# Histograms: Pictures of Distributions

Our goal in this first sequence of posts on “Real Statistics”, is to understand the concept of a “distribution”. There are four different, closely related concepts. We are in process of discussing the first concept, which I call a “real distribution”. The first post “Understanding Statistical Distributions” explains this in detail. As a brief summary, this refers to a population, subdivided into categories. The percentage of members belonging to each category, is a ‘distribution’. There are many ways to categorize populations, and each categorization produces a different distribution. Note that so far we have not introduced any randomness or probabilities into the picture. Before proceeding to do so, it is useful to have a better handle on real distributions. This can be obtained by using histograms to produce pictures of distributions. This allows us to “see” the distribution, which permits greater intuitive understanding. The second post “PP2: Building Confidence” explains how concepts must be related to the life experience of students, in for them to learn with confidence. The reasons for creating a new course on “Real Statistics” is to build the course on foundations of real world concepts which lie within the experience of students. This is different from conventional courses, which define probability axiomatically, and use unfamiliar mathematical concepts for foundations.
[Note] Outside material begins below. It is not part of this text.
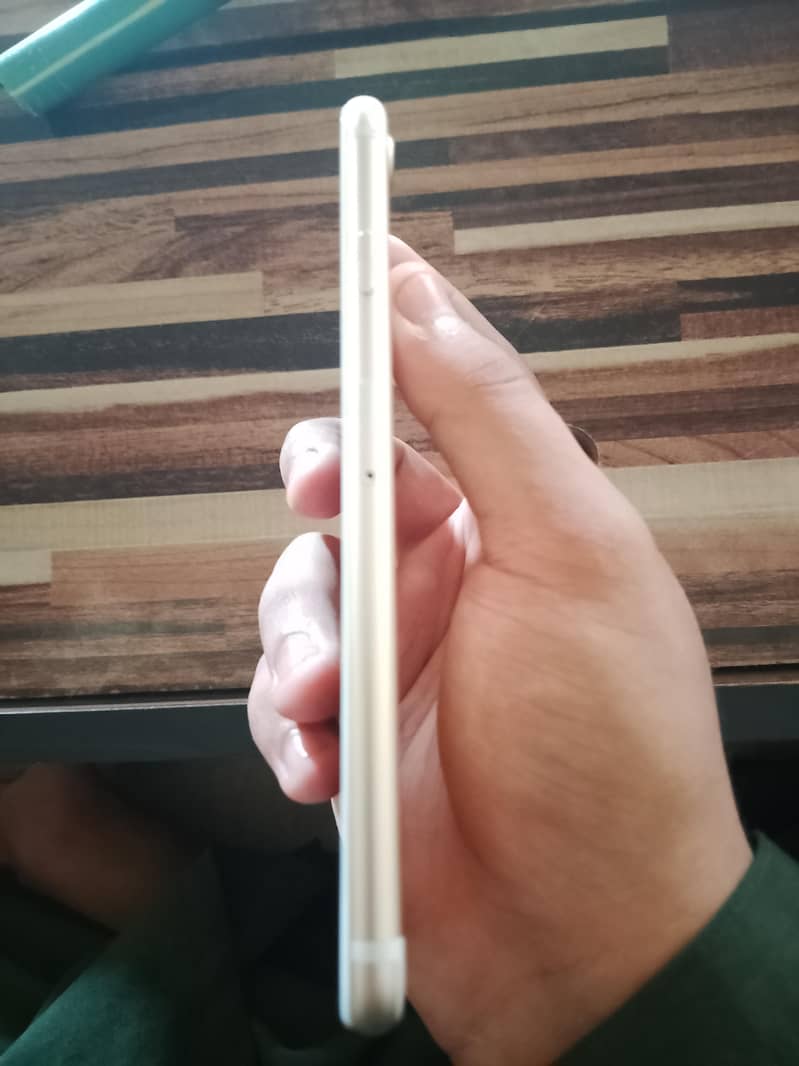 Apple iPhone 7 1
It is useful to introduce some mathematical notation for a systematic study of histograms. We always start with a FINITE population P which has N members. We can think of this as a population of people; this ties in closely to our past knowledge and experience, and makes concepts easy to understand. (However, theoretically, the population can be ANY collection of different objects.) Since the population must be finite, we can always count the number of objects, and assign a unique number to each object. Thus, every population can be considered as a set P_{N }= {1, 2, 3, …, N}. Here each member of the population has been assigned a unique number, and they have all been gathered into a set P_{N} which consists of all members of the population.

In conventional treatments of probability and statistics, the population is called the “sample space”. Also, in conventional treatments, any function defined on the sample space is called a “random variable.” We will explain why these words are used when we introduce probability. For the moment, it is easier to explain simple concepts without mentioning the more complex concept of probability. A function on the sample space simply measures some characteristic of the population. For example, we can have a Gender characteristic, or an Age characteristic, or a Height characteristic. These are all functions which assign to each member of the population a number which indicates the category of the member. For example, we can encode Male as {1} and Female as {2} and define a function G(j) by G(j)=1 if member j of population PN is male, and similarly G(j)=2 if the member j is female. This function creates two categories, males and females, within the population. The distribution of G(.) is the proportion of each of the two types. For a concrete illustration, suppose the population is a class of 20 students, and 12 of the students are males, while 8 are females. Then the distribution of gender is 60% males and 40% females. The histogram, given below, provides a picture of this distribution:

Next, consider the Age distribution. Suppose, for simplicity, that the students have been numbered in sequence according to their age, and also that the age is measured in months. Suppose that A(1)=222, A(2)=224, and so on – each student has age 2 months more than the previous one. We can also create an EXCEL chart of the data, for any set of ages. This particular simple set of ages has been chosen for convenience.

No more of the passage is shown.